The OT reading is not about joy & happiness. It’s about the coming destruction of Judah when Nebuchadnezzar conquers it & also destroys its capital city – Jerusalem. The line of David would no longer sit on an earthly throne. Not everyone with blue skin tone is dying of heart & lung disease. Not everyone wearing foreign clothing has rebelled against the Creator.
However, it is wise, even for God’s children, to take inventory of the spiritual clothing we are wearing. None of us know what day or what hour the funeral home will be coming to take us away. The writing of Zephaniah is meant to shatter all of our complacent security. It is meant to purify our hope by purging away all of our self-centered dreams.

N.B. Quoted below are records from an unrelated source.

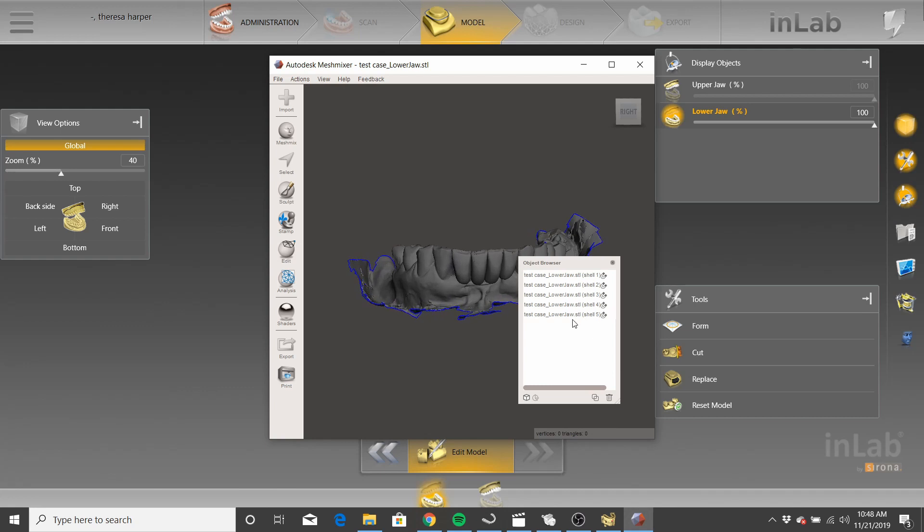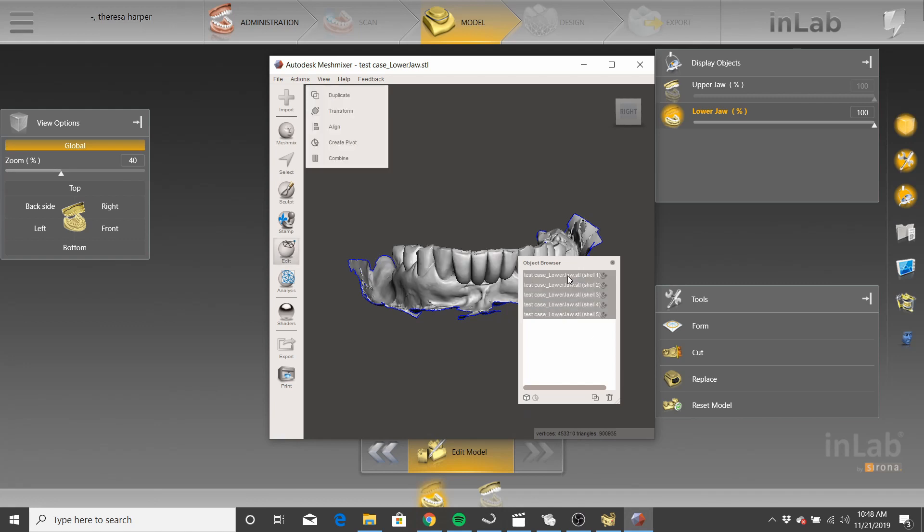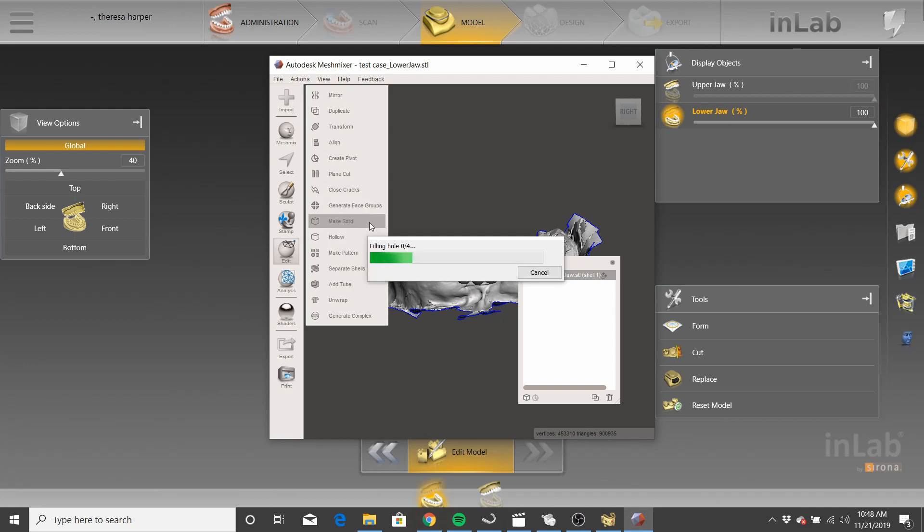And then we're going to, let me see if I remember this correct, because I don't want to throw you guys off too. Okay, we're going to select all the shells. We're going to click combine. So we've got this one shell. Now, we're going to go to, we're not done yet. We're going to go to make solid. Okay.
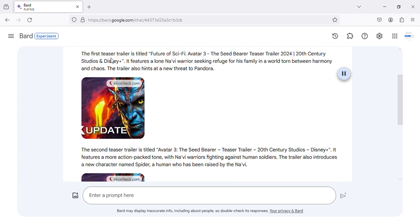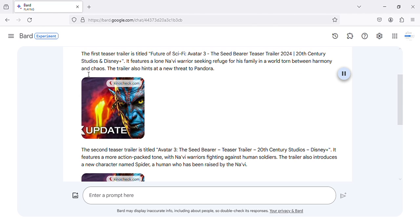The first teaser trailer is titled Future of Sci-Fi, Avatar 3 The Seed Bearer teaser trailer 2024, 20th Century Studios and Disney Plus. It features a lone Na'vi warrior seeking refuge for his family in a world torn between harmony and chaos. The trailer also hints at a new threat to Pandora.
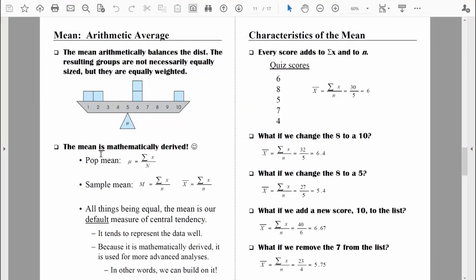Here's some good news — the mean is mathematically derived; there is a formula for it. We'll actually look at two formulas: one for a population mean (mu) and one for a sample mean, written as m or x-bar. We'll focus on x-bar. To compute the mean, you simply add up all of the scores and then divide by the number of scores. In summation notation: the sum of x divided by n. For an entire population, we divide by capital N; for a sample, we divide by lowercase n.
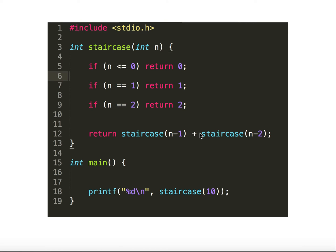Let's see the brute force approach. For a staircase of 10 steps there are three base cases: if steps is zero or less return zero; if one step return one; if two steps return two. To find staircase(n) we just return staircase(n-1) plus staircase(n-2). It's pretty simple.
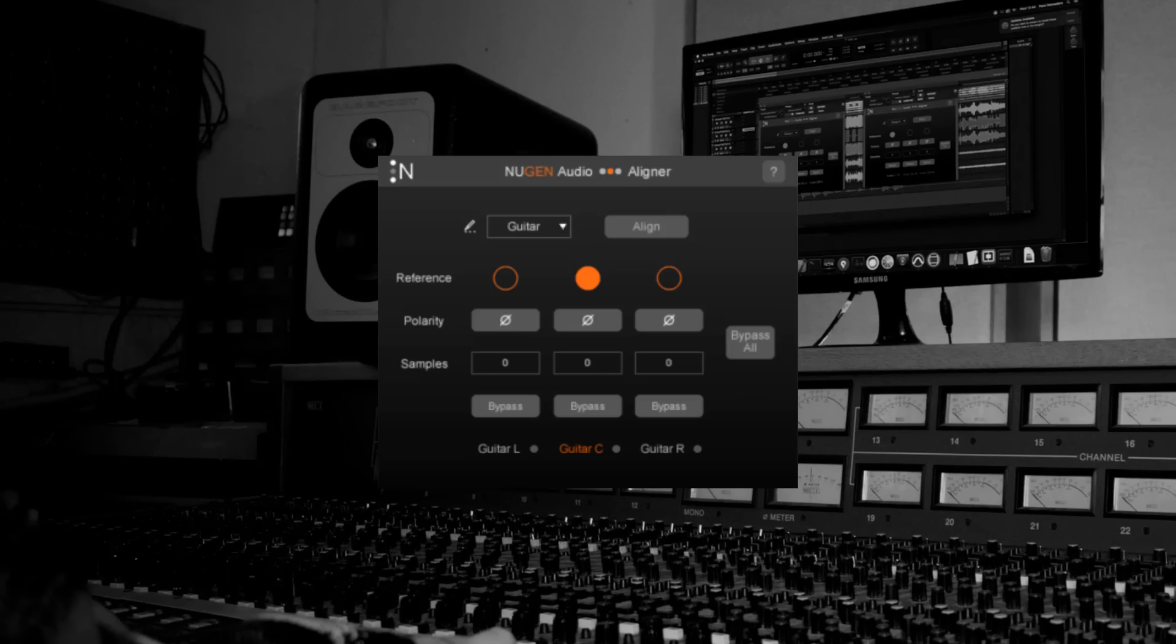In order to start the auto alignment I press align but in order for it to work there needs to be audio playing in all three channels. Let's give it a try.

Zephaniah’s proclamation of the Day of the Lord is a powerful & moving call to repentance. The NT takes up that thought with great vigor & centers it in Jesus Christ. The Day of the Lord is the Day of Jesus Christ on the cross of Golgotha. Whatever sorrows & suffering you endure, they officially became temporary on that day. Whatever heartache & pain is suffocating your ability to persevere, it officially became temporary on the Day of the Lord. God chose to take on all of mankind’s sorrows & suffering, heartache & pain, in the flesh of His Son, in order to make it temporary for the sheep who hear His voice & follow Him.

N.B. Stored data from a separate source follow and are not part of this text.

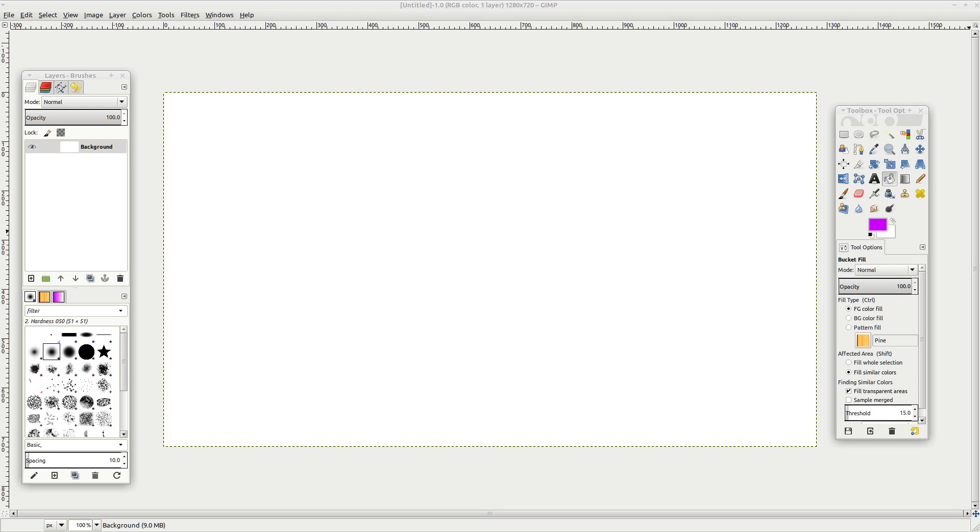All right, today I figured I'd give you guys a little bit of a behind-the-scenes look into how I create my thumbnails for my videos on YouTube.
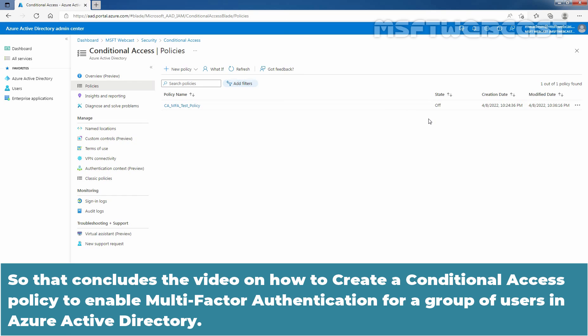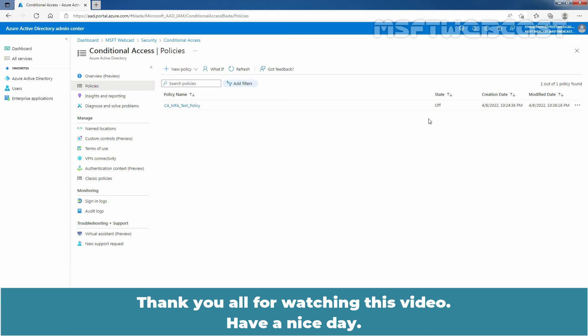That concludes the video on how to create a conditional access policy to enable multi-factor authentication for a group of users in Azure Active Directory. Thank you all for watching this video. Have a nice day.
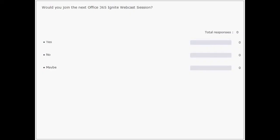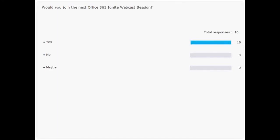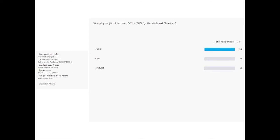Any final questions before we sign off? Thanks Abram for the fantastic session. We'll have the video recording and the PowerPoint on the blog post and on the Ignite site. Our next session is going to be on Exchange virtualization, a week from today, same time same place.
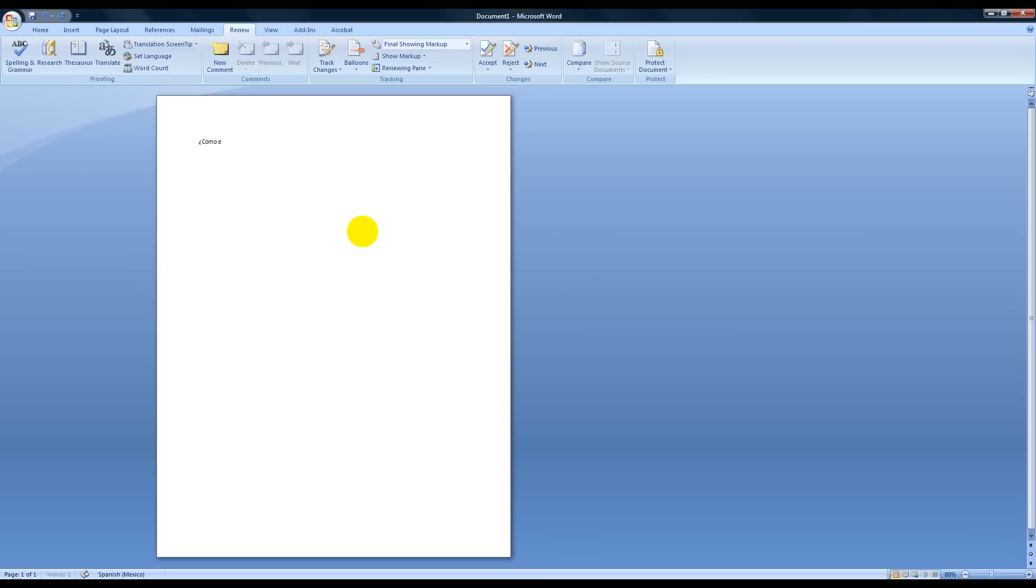And then let me show you something else too. If I type a question like this, notice first of all I didn't put an accent mark over that O on Como and it automatically added that for me.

For anyone who rejects the voice of the Savior, their sorrows & suffering, heartaches & pain will become permanent. That message is difficult to hear, whether it confronts you personally, or whether it confronts someone that you love. However, taking sin & judgment seriously, helps us to understand forgiveness & eternal life in profoundly new ways.

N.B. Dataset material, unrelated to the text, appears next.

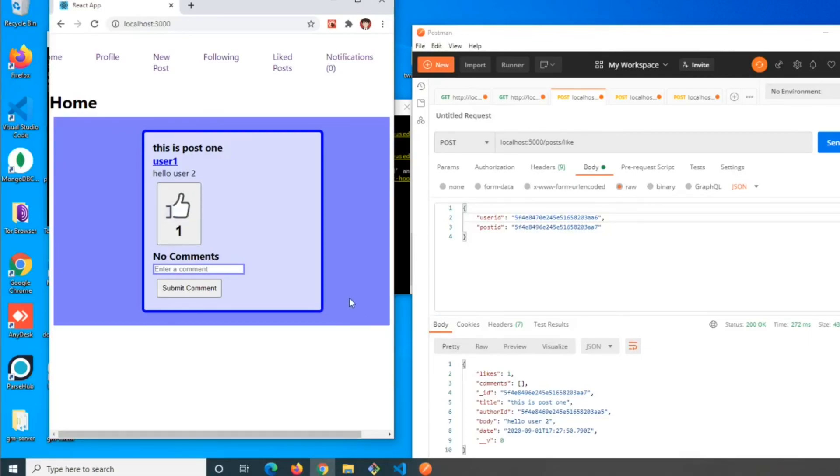in a really concise way. Stay tuned for the next video where we'll be doing profile pictures and MongoDB image hosting.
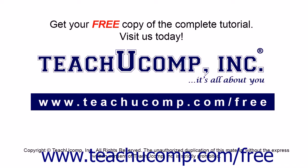Get your free copy of the complete tutorial at www.teachucomp.com forward slash free.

The Scripture readings for these last Sundays of the church year take sin & judgment very seriously. And yet, they are not a cry to shape up or ship out. We read them in order that we recognize the inevitability of the Day of the Lord against all fallen creation, but especially focused on His special creature, the human race.
Jesus took on human flesh that He might take our place before the judgment throne. He would receive the punishment that you & I deserve. Yet, central to His role is that He would rise from the death of judgment to establish the new creation & the eternal life that is ours in Christ. That good news is what enables us to honestly confront the bad news of our personal sin.
When Jesus drank the cup of God’s wrath on the cross, besides receiving the punishment for our sin, He was also purifying everyone who puts their trust in Him. He was making us pure & clean & holy in God’s sight. As Isaiah wrote:
“I will greatly rejoice in the Lord; my soul shall exult in my God, for He has clothed me with the garments of salvation; He has covered me with the robe of righteousness…” (61:10 ESV) Rumor is that some members took Austin shopping yesterday to buy new clothes for his baptism, but those are clothes that will eventually wear out. They are only temporary & as Holy Scripture says, things like moth & rust will eventually destroy all of our earthly possessions. The Holy Spirit also made sure that Austin has some new clothing to wear, & that is the robe of righteousness that Jesus Christ has placed upon him. That robe covers all of his sins so God only sees, in Austin, the holiness of Jesus Christ.
Each morning, as we awaken to a new day, it is wise to remember our baptism; to remember exactly what we are wearing as we go through the daily interactions we have with everyone around us. In the spiritual sense, it absolutely does matter, for all of eternity, what you are wearing when you die.
Thanks be to Jesus; He has given us that robe of righteousness. Amen.
Herald, sound the note of judgment, warning us of right & wrong, turning us from sin & sadness till once more we sing the song. Herald, sound the note of pardon – those repenting are forgiven; God receives His wayward children, & to them new life is given. Herald, sound the note of triumph; Christ has come to share our life, bringing God’s own love & power, granting victory in the strife. Sound the trumpet! Tell the message: Christ, the Savior king, is come! Amen. LSB 511:1, 3-4.